Обри выпрямился. До этой минуты он полулежал в самом удобном шезлонге миссис Брэдли, заложив руки за голову и задрав ноги, и увлеченно слушал ее версии. Теперь он опустил ноги и подался вперед.
– Моя мать не такая. Она не стала бы, и все! А уж что до расчленения тела…
– Согласна, – кивнула миссис Брэдли. – Настолько согласна, что думаю вычеркнуть ее из списка потенциальных подозреваемых. Характер, склонности, привычки – все это в подобных случаях имеет огромное значение. К тому же твоя мать не переместила бы череп из Кулминстера в Боссбери.
– Почему? – удивился Обри. – Я знаю, конечно, что она этого не совершала, потому что не убийца, но что заставляет вас считать…
– Дальше в моем списке двое молодых людей и молодая женщина из коттеджа на холме, – неумолимо продолжила она. – Райт – художник, то есть, согласно расхожему мнению, аморальный тип, чуждый личного достоинства и нормальных человеческих обязательств. Пария, изгой, бессовестный ловкач и патологический должник. Склонен к беспорядочным связям, валяется по чужим постелям… Любитель абсента. Некто с длинными патлами, грязный, развратный, умственно неуравновешенный. Употребляет кокаин, пьет без удержу, рьяный поборник непристойностей, похоти и свободы.
– Благодарю, – усмехнулся Обри. – Я все застенографировал. Верзила Стаффорд в прошлом году обозвал меня клопом-вонючкой. Теперь я знаю, как ему ответить!
– Райт, – гнула свое миссис Брэдли, только немного понизив голос, – как раз такой человек, которому может показаться забавным развесить человека по частям на крюки. Он способен на убийство. Запросто украл бы череп из собственной мастерской, заменив его кокосовым орехом. С него станется засунуть в челюсти черепа живое растеньице, чтобы создать впечатление, будто он давно лежит среди камней, а потом замаскировать его армерией. И он достаточно глуп для того, чтобы выбрать для этой цели слишком крупный и бросающийся в глаза пучок.
– Как это? – спросил Обри, набравшийся от миссис Брэдли такого количества разящих определений художников, что был готов словесно уничтожить в первый же день нового учебного года хоть сразу троих Верзил Стаффордов.
– А так: сорвал пучок цветущих растений, сразу привлекший внимание молодежи, отдыхавшей на морском берегу, – объяснила она. – Надо было воспользоваться неприметным кустиком.
– Да, глупо! Но все равно трудно представить старину Райта в роли убийцы, – промолвил Обри. – У него надежное алиби.
– Откуда ты знаешь?
– До без четверти восемь он находился в церкви.
– Доказано и принято.
– Без четверти девять встретился с Марджери Барнс.
– А это тебе кто сказал, внучек? Я думала, что никто не знает, что у нее было свидание именно с ним. Мне она, конечно, созналась, однако…
– Мне тоже. Правда, только вчера. Сказала, что вы знаете и можно откровенничать с другими. Правда, взяла с меня слово не давать моей матери сталкиваться с доктором.
– С доктором?
– Да, с отцом Марджери. Надеюсь, это не он – Джек Потрошитель?
– Джек…
– Был когда-то такой убийца.
– Я как раз дошла до него. Врачи порой совершают подобные преступления. Взять хотя бы доктора Криппена.

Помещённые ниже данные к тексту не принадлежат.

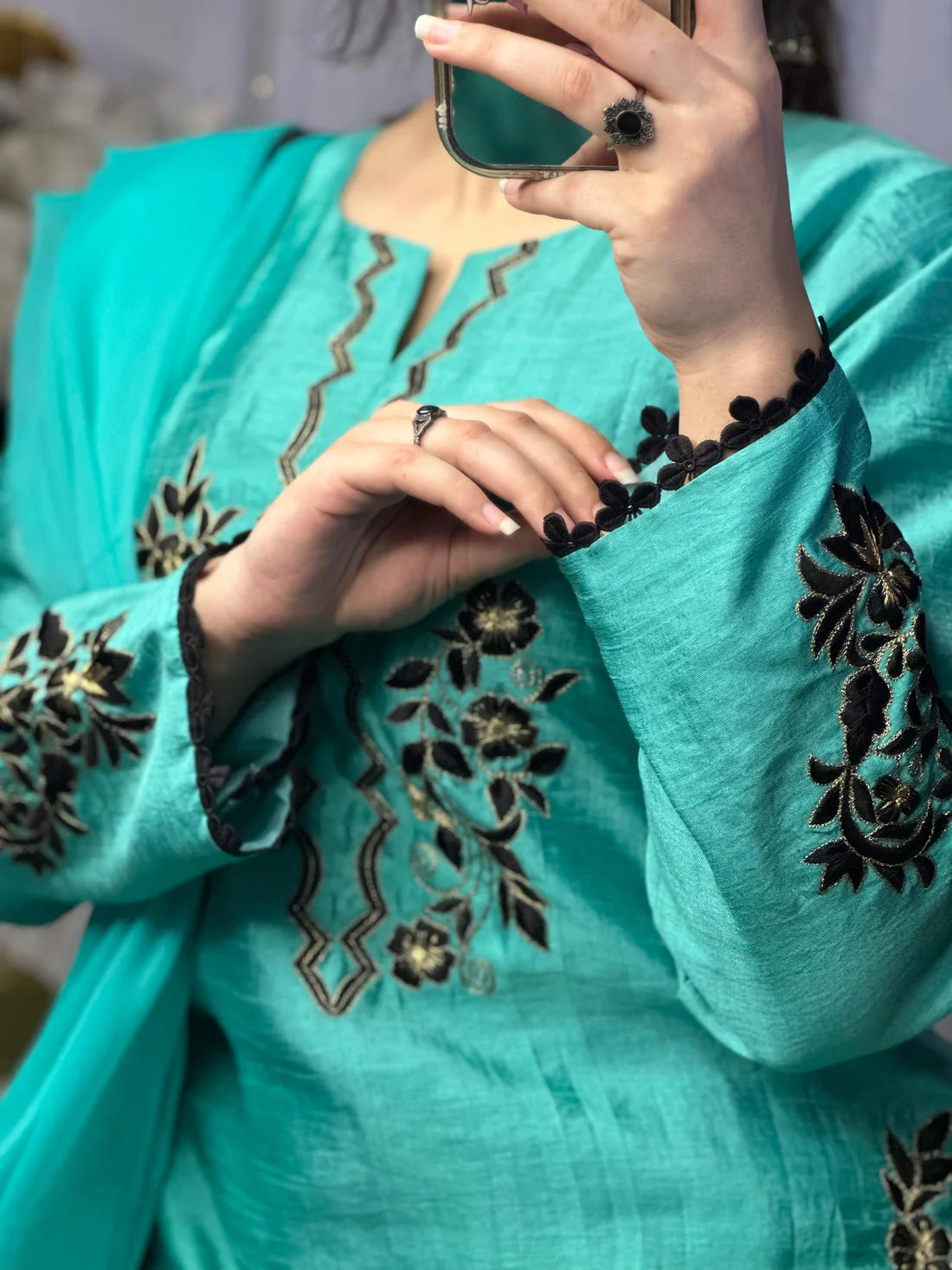 Teal Blue Embroidered Raw Silk 3-Piece Suit with Chiffon Dupatta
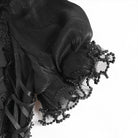 DEVILFASHION Women's Gothic Ruffled Stand Collar Puff Short Sleeved Shirt Black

– Но Кора сама напросилась, ведь так?
– В таком случае Руперт Сетлей тоже напросился, – едко ответила миссис Брэдли. – Это самое плохое в убийствах. Мы часто сочувствуем убийцам! Находим множество уважительных причин, вроде бы оправдывающих их. Главный недостаток, присущий убийцам, – отсутствие чувства юмора.
– Но вы сами только что сказали, что Кливер Райт…
– Да. Это как раз то, что убеждает меня вычеркнуть его из списка подозреваемых. Уж он-то юмором обладает – возможно, нездоровым, зато настоящим. Я почти готова вынести по его кандидатуре оправдательный вердикт.
– При чем тут вообще чувство юмора? – спросил Обри, снова откидываясь в шезлонге.
– О, юмор – это все! Отсутствие юмора означает неуравновешенность. Неуравновешенность влечет за собой умственную нестабильность. А это, по логике вещей, уже безумие. Все убийства совершают сумасшедшие. Я имею в виду, конечно, умышленные убийства.